- _Exercise aim_: Transcribe, exactly and without pictures, the lines below from the line with "Pyrenäen Leinwanddruck (Insitu" to the line with "Detroit Red Wings", both ends included, and no others.

Task input section start

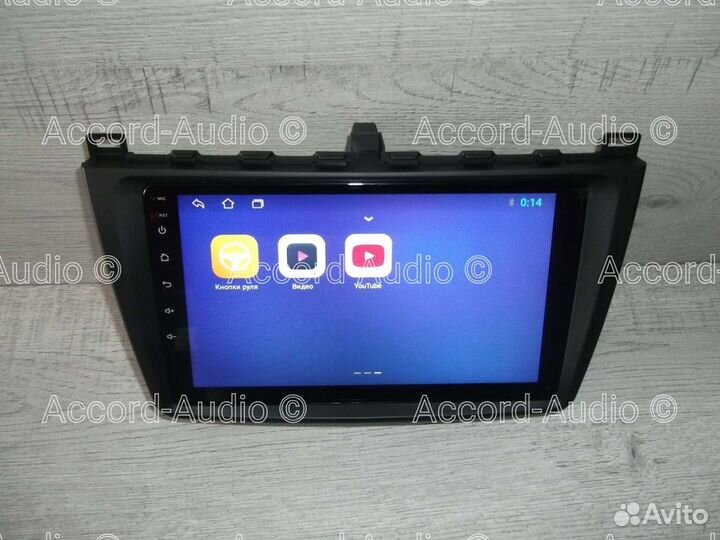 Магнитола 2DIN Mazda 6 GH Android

Task input section end
Task input section start

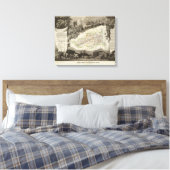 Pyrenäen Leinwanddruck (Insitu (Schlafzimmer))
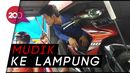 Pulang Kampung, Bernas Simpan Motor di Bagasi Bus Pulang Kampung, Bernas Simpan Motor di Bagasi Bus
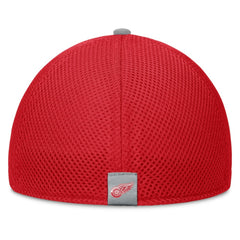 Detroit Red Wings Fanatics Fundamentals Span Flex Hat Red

Task input section end

- _Response_:
 Pyrenäen Leinwanddruck (Insitu (Schlafzimmer))
 Pulang Kampung, Bernas Simpan Motor di Bagasi Bus Pulang Kampung, Bernas Simpan Motor di Bagasi Bus
 Detroit Red Wings Fanatics Fundamentals Span Flex Hat Red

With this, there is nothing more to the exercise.